In this post, Matt Lacey discusses 11 things that developers do wrong when creating and testing their code.
The first one he lists is that developers can just fall into the trap of just not making any tests for their code. He states that a way to fix this is to just start creating tests for the code that you’re already working on and plan to always do this for future projects.
The next item his list is that developers need to design and make tests when they start their projects. This makes it easier to implement into the code that is currently being worked on rather than adding in tests later. Also adding in tests later may require developers to make architecture changes and will add on additional time.
The third item on the list is writing failing tests. Lacey goes into explaining that your should not specifically make tests to fail (or have a red outcome) because the point of writing tests is to make sure that our system is working properly.
The fourth thing on the list is having a fear of unimplemented tests. Having these types of tests (which also have a proper names for the functions they are preforming) will serve as a reminder about the intended function of the system as well as what the test should accomplish.
Fifth on the list is simply not giving your tests good, identifying names. Lacey states that the way you name your tests isn’t important; what matters is that your naming behaviors are consistent, and properly describe what the tests are suppose to do.
The next item is making tests that do too much. Here he gives a reminder that your tests should only be testing one thing; this could even be a series of simple things that make up one task even, but it should not be testing multiple long tasks.
Seventh on Lacey’s list of what not to do is not testing you code. Lacey points out that creating mocks and running them does not actually mean you are testing the code. He states that these types of “tests” could just end up being a waste of time and effort.
The next thing on the list is worrying too much about code coverage. Lacey states the knowing “how much of the code is executed when the tests are run should be useful but because it doesn’t consider the quality of the tests that are executing the code it can be meaningless.” He goes on to say that code coverage is only of interest if the coverage is too high or too low. Lacey then address what you kind of code should be tested then by stating “Does the code contain non-trivial complexity? If it does then you need some tests. If it doesn’t then you don’t.”

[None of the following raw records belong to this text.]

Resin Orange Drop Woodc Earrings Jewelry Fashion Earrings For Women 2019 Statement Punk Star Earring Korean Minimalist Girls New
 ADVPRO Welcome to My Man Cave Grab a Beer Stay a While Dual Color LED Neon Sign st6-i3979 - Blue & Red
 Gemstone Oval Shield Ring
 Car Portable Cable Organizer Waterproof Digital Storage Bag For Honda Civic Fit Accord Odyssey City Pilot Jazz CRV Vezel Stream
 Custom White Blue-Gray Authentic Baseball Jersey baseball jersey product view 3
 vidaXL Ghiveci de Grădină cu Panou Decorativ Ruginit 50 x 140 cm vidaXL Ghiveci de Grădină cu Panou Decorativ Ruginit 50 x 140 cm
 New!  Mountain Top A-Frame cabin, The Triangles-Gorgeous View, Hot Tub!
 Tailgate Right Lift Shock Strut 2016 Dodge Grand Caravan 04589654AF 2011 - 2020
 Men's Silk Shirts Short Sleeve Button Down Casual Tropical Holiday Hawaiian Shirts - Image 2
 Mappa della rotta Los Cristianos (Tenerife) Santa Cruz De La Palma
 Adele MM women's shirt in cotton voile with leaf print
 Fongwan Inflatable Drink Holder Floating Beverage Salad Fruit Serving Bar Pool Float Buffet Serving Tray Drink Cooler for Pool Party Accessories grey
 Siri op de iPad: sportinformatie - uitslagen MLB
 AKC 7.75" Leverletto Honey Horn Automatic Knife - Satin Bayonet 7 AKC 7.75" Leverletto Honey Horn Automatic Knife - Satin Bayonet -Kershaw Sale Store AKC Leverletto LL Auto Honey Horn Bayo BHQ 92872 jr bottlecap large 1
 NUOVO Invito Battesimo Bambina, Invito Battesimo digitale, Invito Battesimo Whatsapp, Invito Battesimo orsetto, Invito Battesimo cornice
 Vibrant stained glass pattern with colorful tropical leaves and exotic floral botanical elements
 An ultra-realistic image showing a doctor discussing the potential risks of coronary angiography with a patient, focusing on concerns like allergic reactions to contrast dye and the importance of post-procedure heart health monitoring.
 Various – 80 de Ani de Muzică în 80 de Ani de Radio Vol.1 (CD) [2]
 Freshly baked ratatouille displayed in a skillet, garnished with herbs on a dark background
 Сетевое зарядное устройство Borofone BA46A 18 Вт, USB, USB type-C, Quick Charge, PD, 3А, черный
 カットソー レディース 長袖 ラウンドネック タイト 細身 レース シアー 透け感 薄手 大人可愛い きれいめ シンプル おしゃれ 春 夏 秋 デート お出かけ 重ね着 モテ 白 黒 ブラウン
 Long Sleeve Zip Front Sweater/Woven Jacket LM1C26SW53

The ninth item that Lacey views as a mistake is only doing one type of testing. He states that if you’re only making one type of tests then you are not properly testing your software. It takes a multiple different tests to find mistakes in all areas of your system.
Number ten on the list focusing too much on short term tests. Tests should not be made to test something that is static; like if the code is written correctly. Instead tests should be written the make sure that the code continues to function correctly over time. Tests should be able to be run repeatedly to make sure that no new errors occur if new code is added or changed.
The last item on Lacey’s list of what not to do is being a developer that relies on someone else to create and run tests. Tests should always be available for developers to run if the need arises. If there is something that will hinder a quick execution of tests then that will just prevent developers from running the tests they need. The best thing to do, according to Lacey, is to make sure that “code and tests…be kept in the same place and any setup needed should be scripted.”